Saved entries:
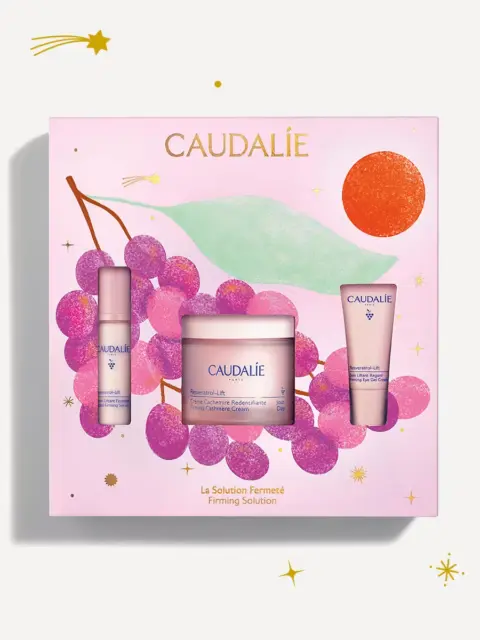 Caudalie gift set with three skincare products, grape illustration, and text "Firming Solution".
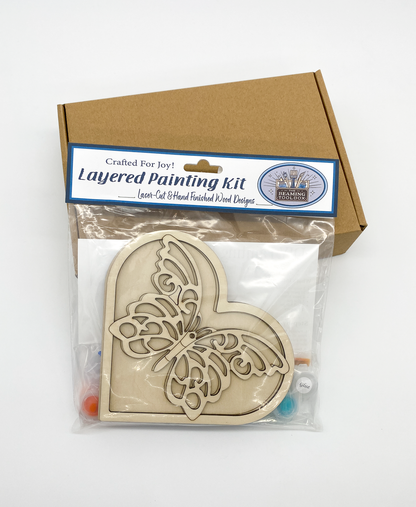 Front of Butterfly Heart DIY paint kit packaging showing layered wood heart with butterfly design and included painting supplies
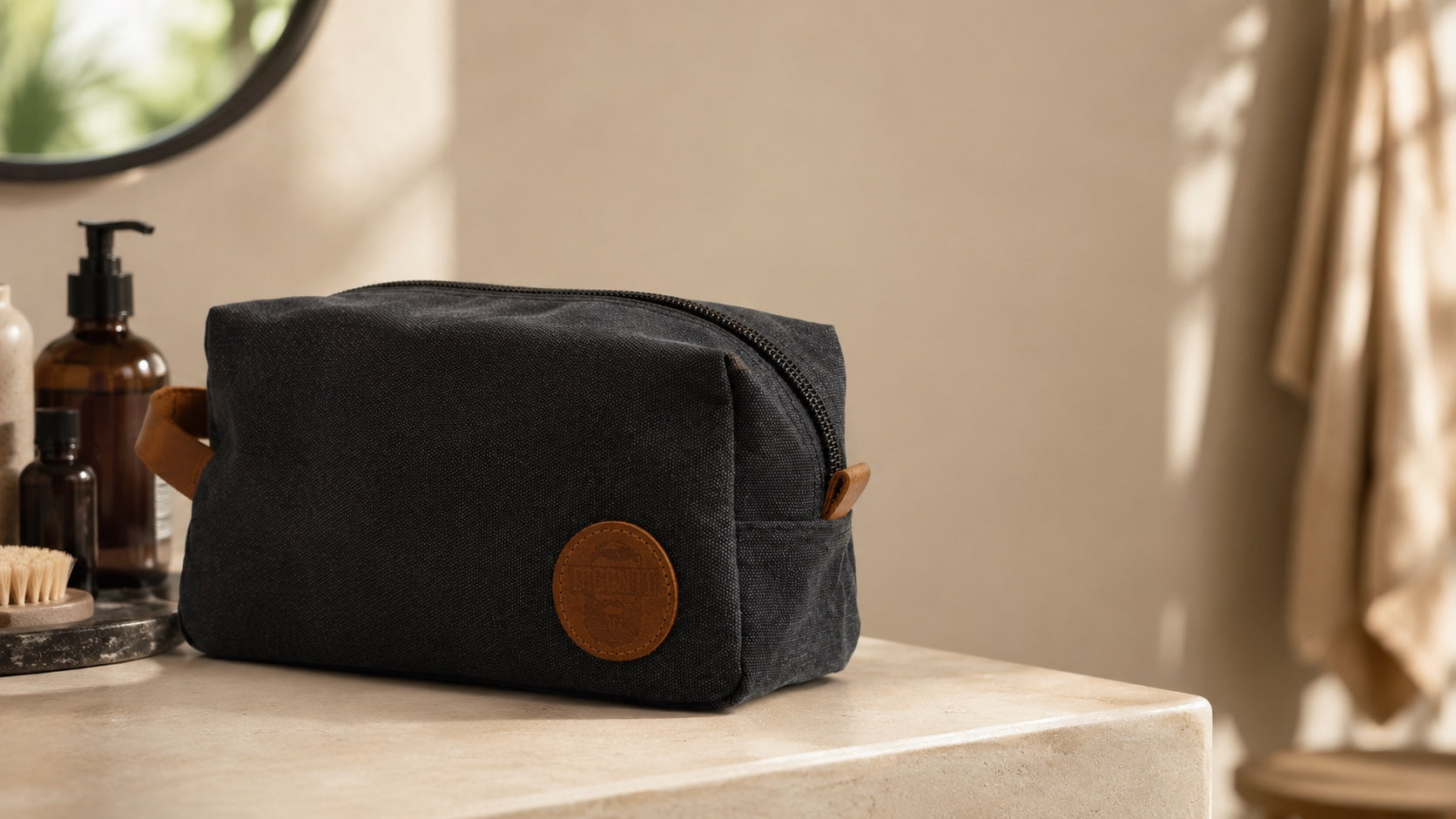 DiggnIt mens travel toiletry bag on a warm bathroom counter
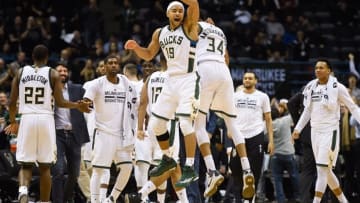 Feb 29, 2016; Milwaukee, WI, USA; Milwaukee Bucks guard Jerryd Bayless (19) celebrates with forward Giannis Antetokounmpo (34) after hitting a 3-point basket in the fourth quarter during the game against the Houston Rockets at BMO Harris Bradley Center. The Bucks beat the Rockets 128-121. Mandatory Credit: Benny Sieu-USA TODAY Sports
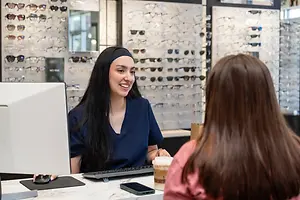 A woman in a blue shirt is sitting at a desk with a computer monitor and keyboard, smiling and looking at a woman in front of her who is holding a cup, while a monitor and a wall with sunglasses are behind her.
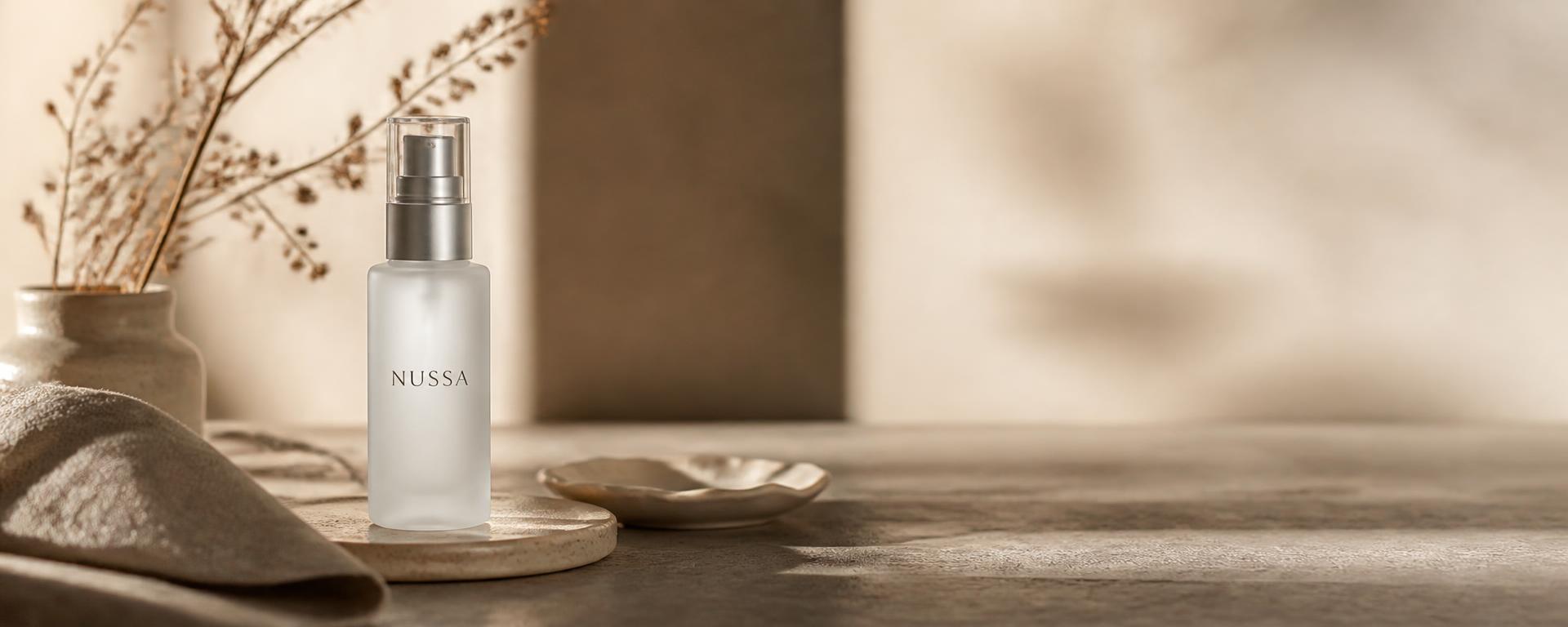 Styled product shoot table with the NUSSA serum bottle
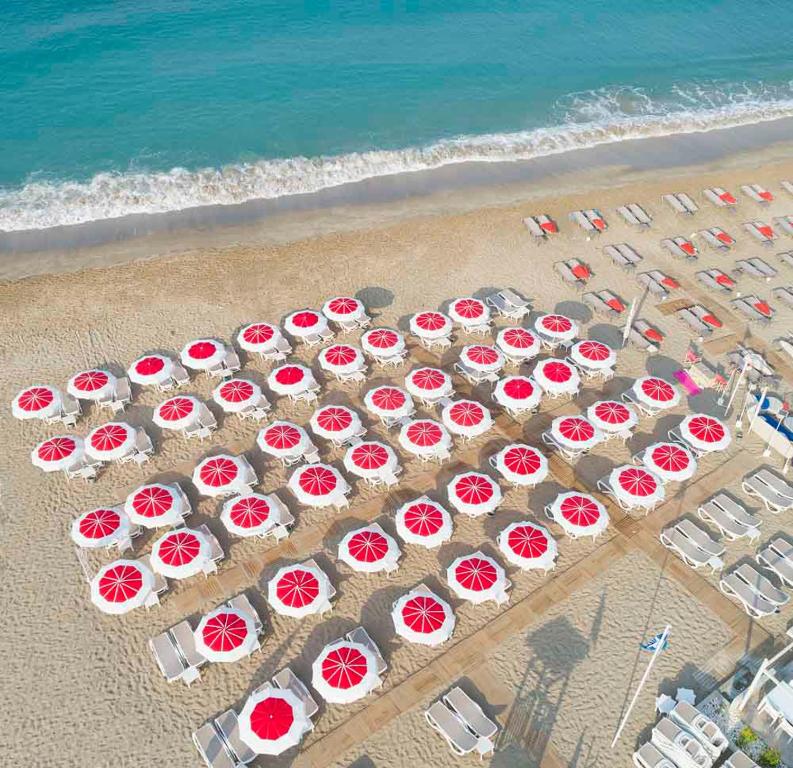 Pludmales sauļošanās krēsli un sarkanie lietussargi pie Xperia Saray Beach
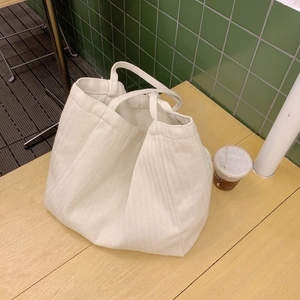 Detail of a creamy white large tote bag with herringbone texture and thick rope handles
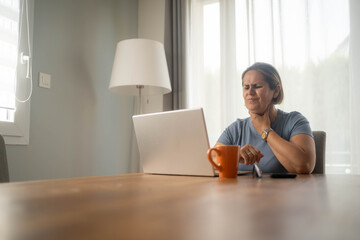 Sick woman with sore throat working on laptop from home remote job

• [WORK TO COMPLETE]: Leave out the pictures, and retype exactly the lines from the one containing "Detail of a" through the last line of the data above, no more and no less.

• [OUTPUT]:
 Detail of a creamy white large tote bag with herringbone texture and thick rope handles
 Sick woman with sore throat working on laptop from home remote job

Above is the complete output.